Below, at GitHub.com, is the C++ source code for an unusual two-stage algorithm that I devised which can do Realtime Pitch Detection on polyphonic MP3 files while being played on Windows. This free application (PitchScope Player, available on web) is frequently used to detect the notes of a guitar or saxophone solo upon a MP3 recording. You could download the executable for Windows to see my algorithm at work on a mp3 file of your choosing. The algorithm is designed to detect the most dominant pitch (a musical note) at any given moment in time within a MP3 or WAV music file. Note onsets are accurately inferred by a change in the most dominant pitch (a musical note) at any given moment during the MP3 recording.

I use a modified DFT Logarithmic Transform (similar to a FFT) to first detect these possible Harmonics by looking for frequencies with peak levels (see diagram below). Because of the way that I gather data for my modified Log DFT, I do NOT have to apply a Windowing Function to the signal, nor do add and overlap. And I have created the DFT so its frequency channels are logarithmically located in order to directly align with the frequencies where harmonics are created by the notes on a guitar, saxophone, etc.
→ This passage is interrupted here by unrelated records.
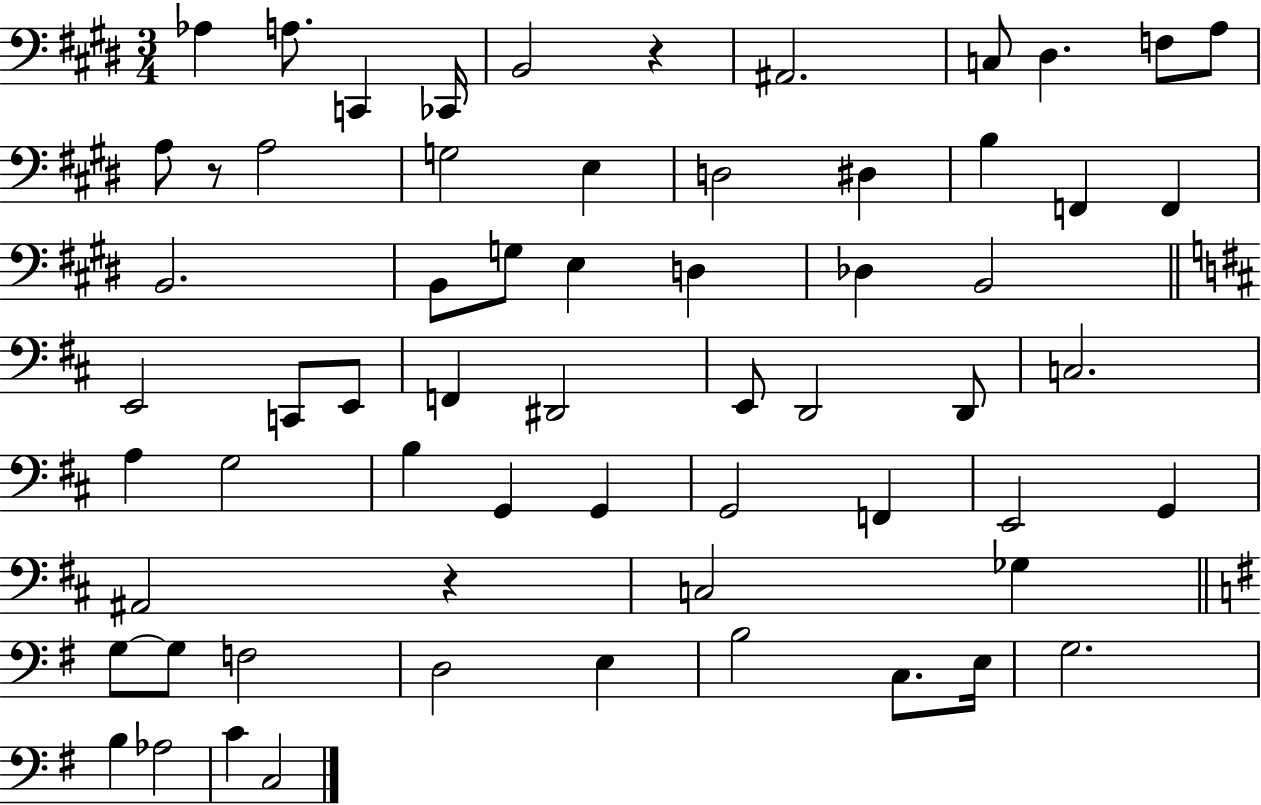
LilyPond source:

{
  \clef bass
  \numericTimeSignature
  \time 3/4
  \key e \major
  \repeat volta 2 { aes4 a8. c,4 ces,16 | b,2 r4 | ais,2. | c8 dis4. f8 a8 | \break a8 r8 a2 | g2 e4 | d2 dis4 | b4 f,4 f,4 | \break b,2. | b,8 g8 e4 d4 | des4 b,2 | \bar "||" \break \key b \minor e,2 c,8 e,8 | f,4 dis,2 | e,8 d,2 d,8 | c2. | \break a4 g2 | b4 g,4 g,4 | g,2 f,4 | e,2 g,4 | \break ais,2 r4 | c2 ges4 | \bar "||" \break \key e \minor g8~~ g8 f2 | d2 e4 | b2 c8. e16 | g2. | \break b4 aes2 | c'4 c2 | } \bar "|."
}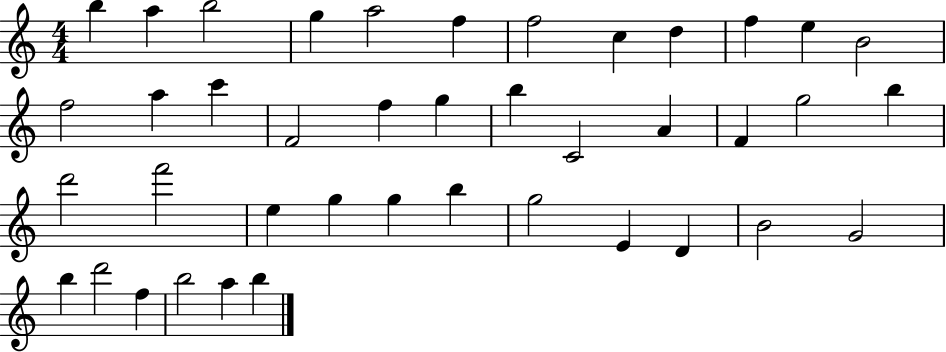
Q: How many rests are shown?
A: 0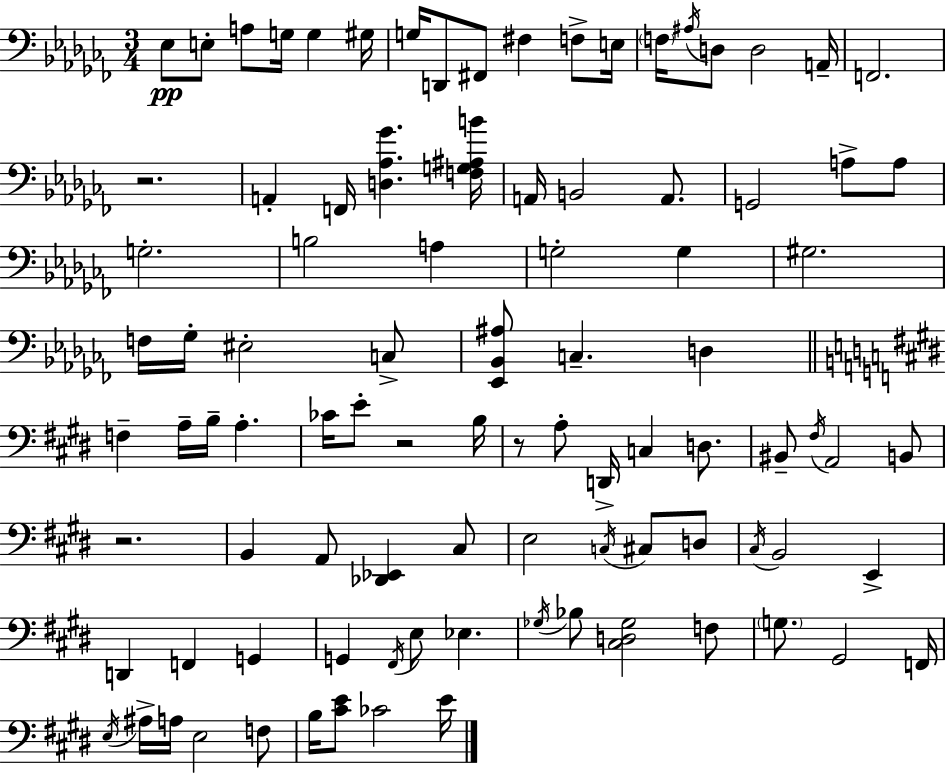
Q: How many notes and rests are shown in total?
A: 94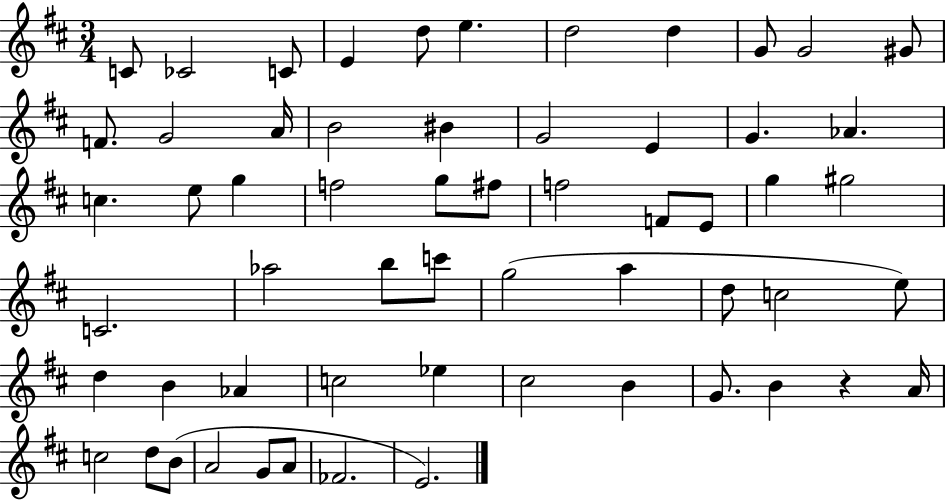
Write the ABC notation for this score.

X:1
T:Untitled
M:3/4
L:1/4
K:D
C/2 _C2 C/2 E d/2 e d2 d G/2 G2 ^G/2 F/2 G2 A/4 B2 ^B G2 E G _A c e/2 g f2 g/2 ^f/2 f2 F/2 E/2 g ^g2 C2 _a2 b/2 c'/2 g2 a d/2 c2 e/2 d B _A c2 _e ^c2 B G/2 B z A/4 c2 d/2 B/2 A2 G/2 A/2 _F2 E2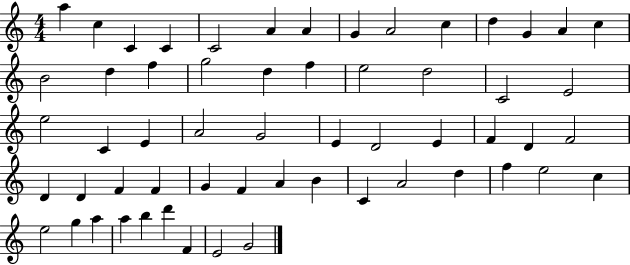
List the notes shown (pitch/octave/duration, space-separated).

A5/q C5/q C4/q C4/q C4/h A4/q A4/q G4/q A4/h C5/q D5/q G4/q A4/q C5/q B4/h D5/q F5/q G5/h D5/q F5/q E5/h D5/h C4/h E4/h E5/h C4/q E4/q A4/h G4/h E4/q D4/h E4/q F4/q D4/q F4/h D4/q D4/q F4/q F4/q G4/q F4/q A4/q B4/q C4/q A4/h D5/q F5/q E5/h C5/q E5/h G5/q A5/q A5/q B5/q D6/q F4/q E4/h G4/h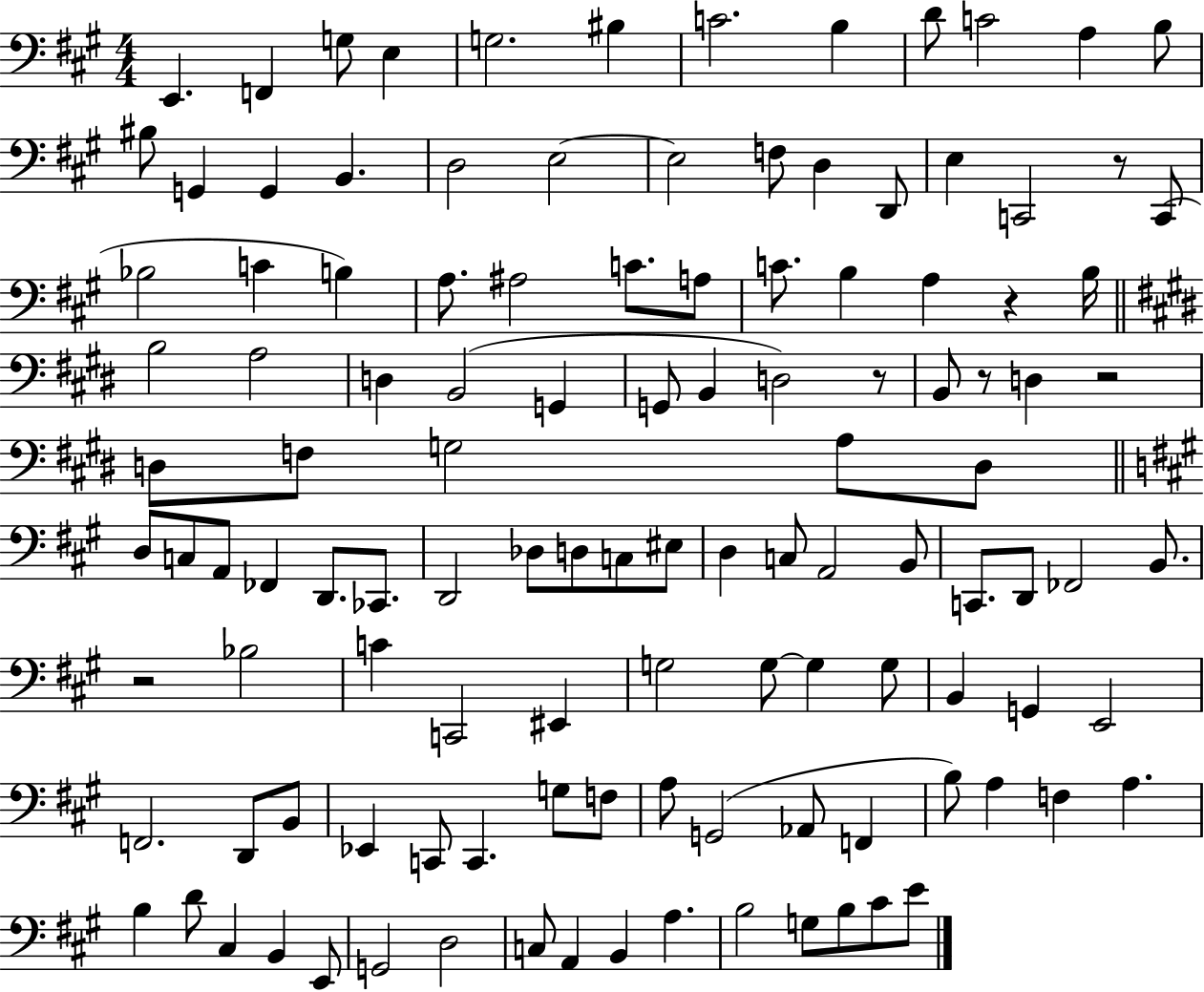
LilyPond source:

{
  \clef bass
  \numericTimeSignature
  \time 4/4
  \key a \major
  e,4. f,4 g8 e4 | g2. bis4 | c'2. b4 | d'8 c'2 a4 b8 | \break bis8 g,4 g,4 b,4. | d2 e2~~ | e2 f8 d4 d,8 | e4 c,2 r8 c,8( | \break bes2 c'4 b4) | a8. ais2 c'8. a8 | c'8. b4 a4 r4 b16 | \bar "||" \break \key e \major b2 a2 | d4 b,2( g,4 | g,8 b,4 d2) r8 | b,8 r8 d4 r2 | \break d8 f8 g2 a8 d8 | \bar "||" \break \key a \major d8 c8 a,8 fes,4 d,8. ces,8. | d,2 des8 d8 c8 eis8 | d4 c8 a,2 b,8 | c,8. d,8 fes,2 b,8. | \break r2 bes2 | c'4 c,2 eis,4 | g2 g8~~ g4 g8 | b,4 g,4 e,2 | \break f,2. d,8 b,8 | ees,4 c,8 c,4. g8 f8 | a8 g,2( aes,8 f,4 | b8) a4 f4 a4. | \break b4 d'8 cis4 b,4 e,8 | g,2 d2 | c8 a,4 b,4 a4. | b2 g8 b8 cis'8 e'8 | \break \bar "|."
}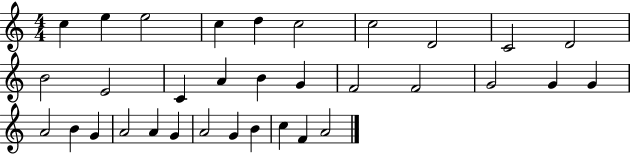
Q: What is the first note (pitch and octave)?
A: C5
My Pitch Detection Algorithm is actually a two stage process: a) First the ScalePitch is detected ('ScalePitch' has 12 possible pitch values: {E, F, F#, G, G#, A, A#, B, C, C#, D, D#} ) b) and after ScalePitch is determined, then the Octave is calculated by examining all the harmonics for the 4 possible Octave-Candidate notes. The algorithm is designed to detect the most dominant pitch (a musical note) at any given moment in time within a polyphonic MP3 file. That usually corresponds to the notes of an instrumental solo. Those interested in the C++ source code for my Two Stage Pitch Detection algorithm might want to start at the Estimate_ScalePitch() function within the SPitchCalc.cpp file at GitHub.com.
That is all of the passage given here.